Friday, July 27, 2012
The order means that the full Ninth Circuit will review the panel ruling and possibly reverse it, allowing the plaintiffs' state-law failure-to-warn claim to go forward. It also means that the case is all the more likely to ultimately attract the attention of the Supreme Court. (There's already a minor circuit split.)
The core issue--the one that divided the three-judge panel--is whether the plaintiffs' failure-to-warn claim is sufficiently independent of the FDA's requirement that a medical device manufacturer discover and report to the FDA any complaints about the product's performance and any adverse health consequences attributable to the product. If so--that is, if the state failure-to-warn claim stands on its own, independent of FDA reporting requirements--it's likely not preempted. But if the failure-to-warn claim derives from the FDA requirement, it may be preempted.
The panel majority said that the case is governed by Buckman.

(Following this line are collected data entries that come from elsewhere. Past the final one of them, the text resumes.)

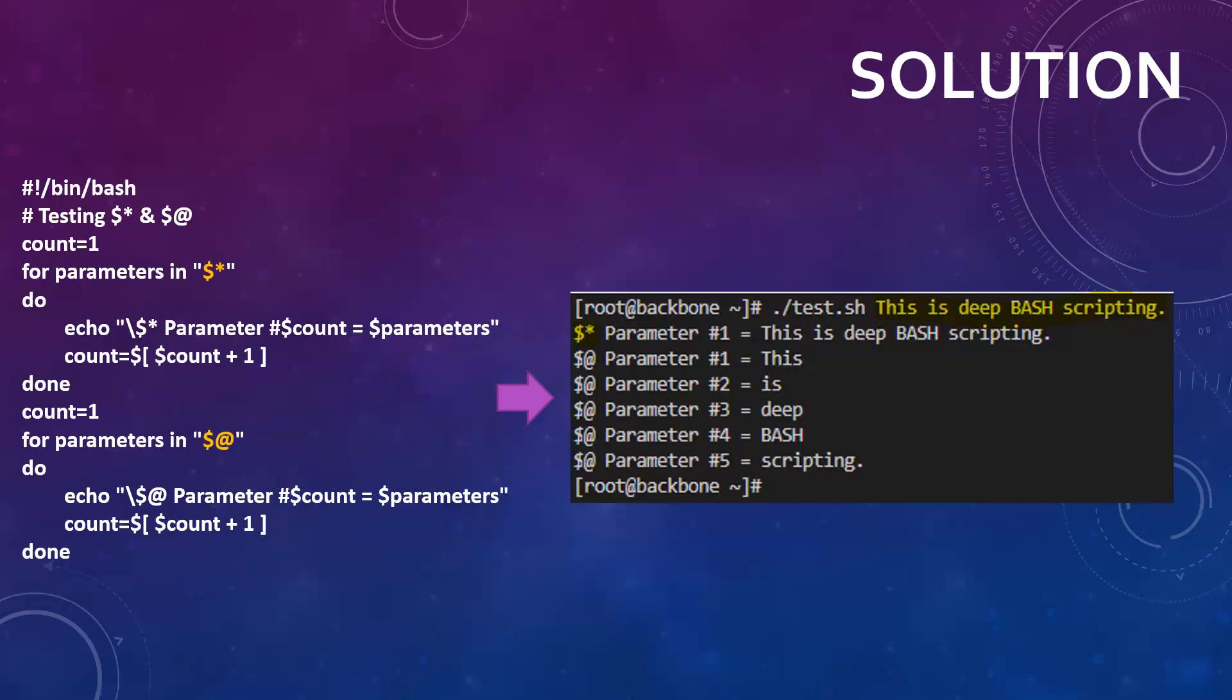But eventually, both are going to hold whatever parameters you have provided along with your script. I hope that's helpful. Thank you very much, bye.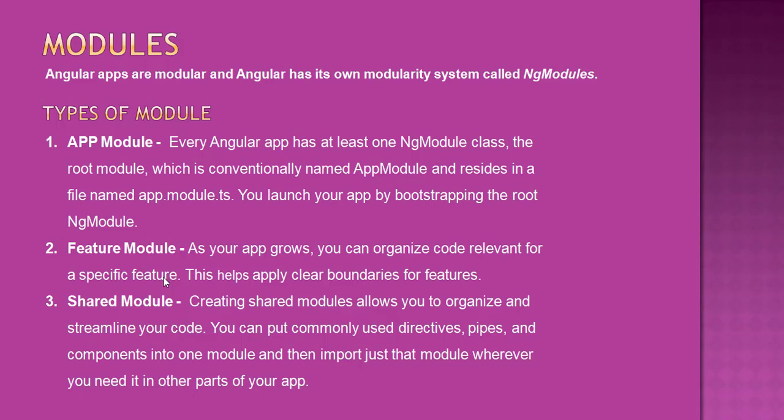For shared modules, if you want to share some components across modules, you can keep that module in the shared module, export from the shared module, and then use it in other modules. But you cannot use services for shared modules because each time whenever you import any module, it creates a new instance. In terms of services, we should get the same instance, not a new instance, so we cannot share services with the shared module.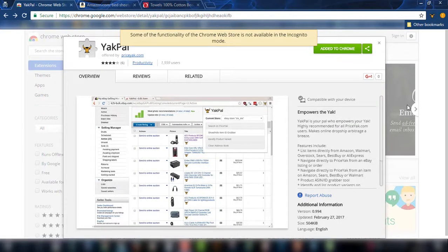Hello everyone, this is Evan and this is another Priceyak tutorial. Today is Saturday April 8th 2017 and I believe I have a treat for you. We're going to be talking about a Chrome extension called Yakpal. Yakpal is a free add-on for Chrome made by Priceyak and is functional for everyone, even if you don't have a Priceyak account.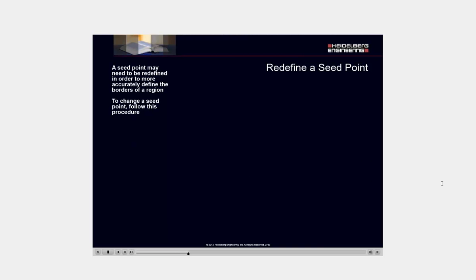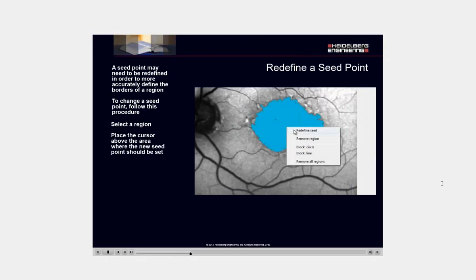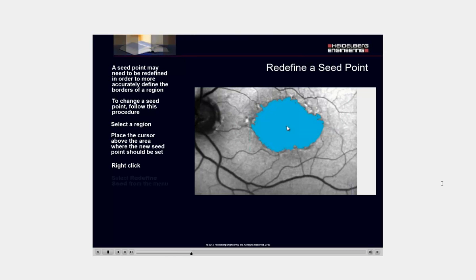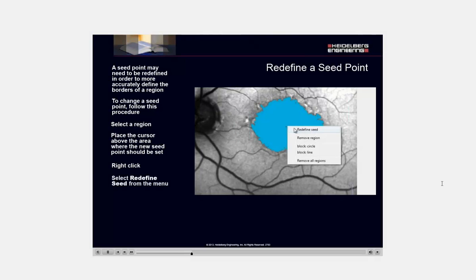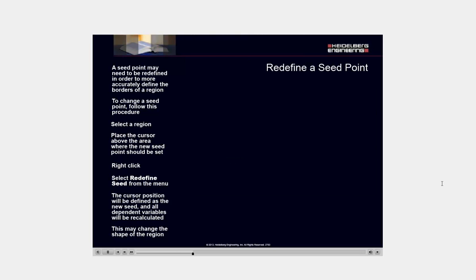A seed point may need to be redefined in order to more accurately define the borders of a region. To change a seed point, follow this procedure. Select a region. Place the cursor above the area where the new seed point should be set. Right-click. Select Redefine Seed from the menu. The cursor position will be defined as a new seed, and all dependent variables will be recalculated. This may change the shape of the region.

In Buckman, the Court ruled that the FDCA preempted a state-law fraud-on-the-FDA claim, because the claim derived exclusively from a requirement owed to the FDA (and not directly to the plaintiffs). The Court distinguished Lohr, which held that the FDCA did not preempt certain negligence claims that paralleled FDCA requirements, writing that "the [Lohr] claims arose from the manufacturer's alleged failure to use reasonable care in the production of the product, not solely from the violation of FDCA requirements," whereas the Buckman fraud claims "exist solely by virtue of the FDCA disclosure requirements." Op. at 4094.
The dissent argued that the plaintiffs' failure-to-warn claim was an independent, preexisting state-law cause of action that did not derive exclusively from FDCA reporting requirements--that it looked more like the independent, but parallel, claim in Lohr than the FDCA-derived claim in Buckman. The dissent argued that Riegel only reinforced the Lohr holding.